PROBLEM DESCRIPTION: Restate word for word the lines of the entries below, starting with the line that holds "Véget ért Regán Lili házassága" and ending with the line that holds "Load image into", and no others.

MATERIAL FOR THE TASK:

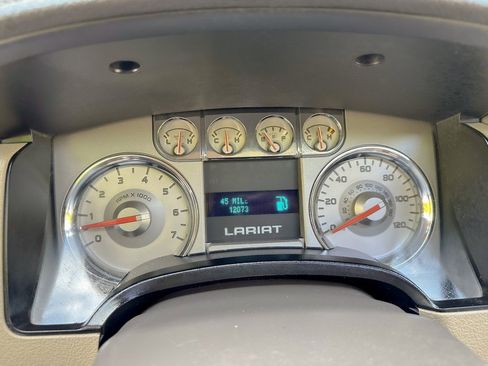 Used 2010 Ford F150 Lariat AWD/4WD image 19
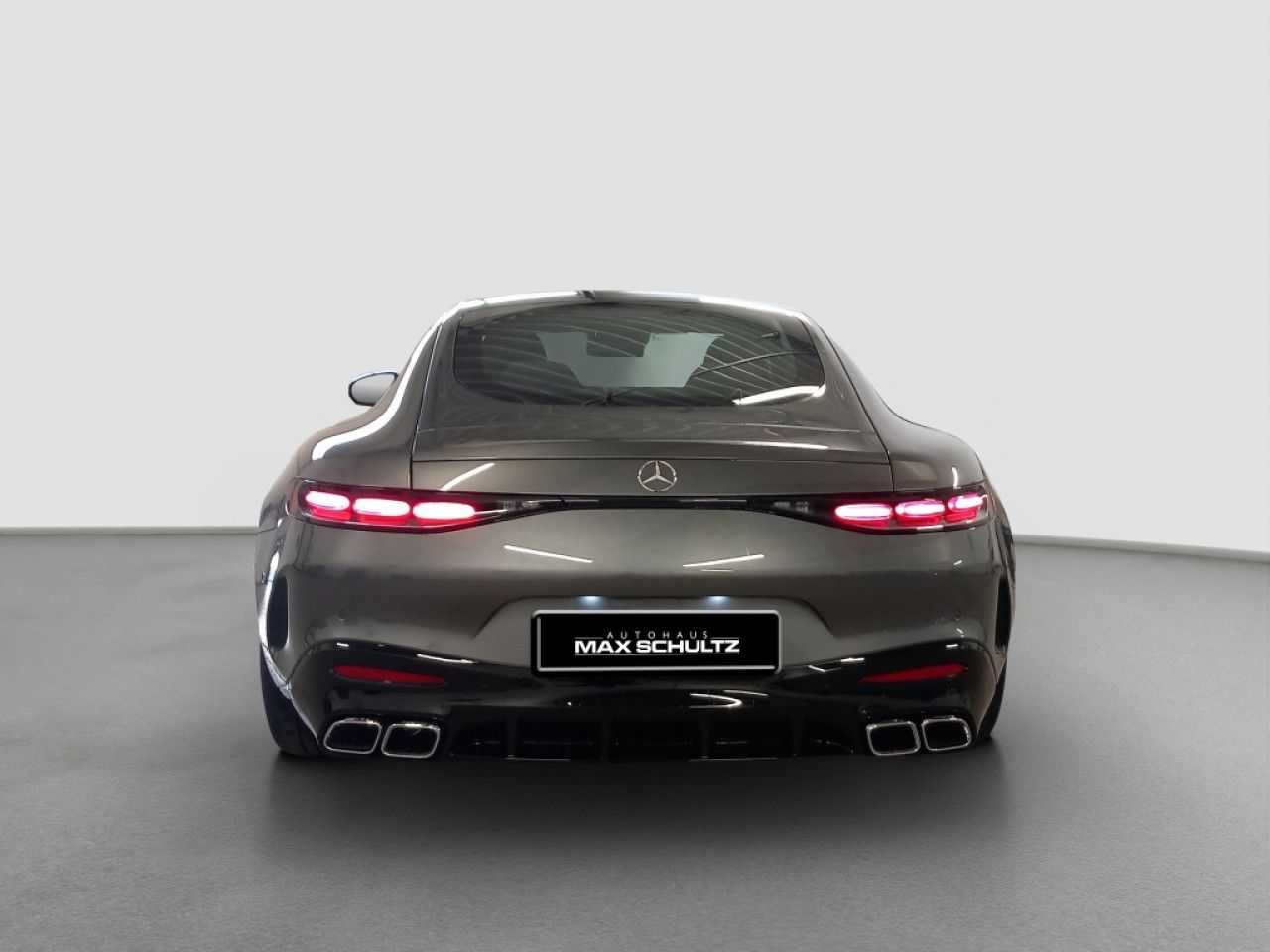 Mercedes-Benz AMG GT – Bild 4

* * *

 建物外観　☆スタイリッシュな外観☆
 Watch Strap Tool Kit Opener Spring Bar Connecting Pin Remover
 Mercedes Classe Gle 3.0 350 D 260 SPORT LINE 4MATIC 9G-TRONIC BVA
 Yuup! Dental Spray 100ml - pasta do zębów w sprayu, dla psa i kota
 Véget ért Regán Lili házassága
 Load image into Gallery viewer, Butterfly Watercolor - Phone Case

==

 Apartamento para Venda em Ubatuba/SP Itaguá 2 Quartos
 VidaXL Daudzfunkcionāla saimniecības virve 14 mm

RESPONSE FOR THIS EXERCISE:
 Véget ért Regán Lili házassága
 Load image into Gallery viewer, Butterfly Watercolor - Phone Case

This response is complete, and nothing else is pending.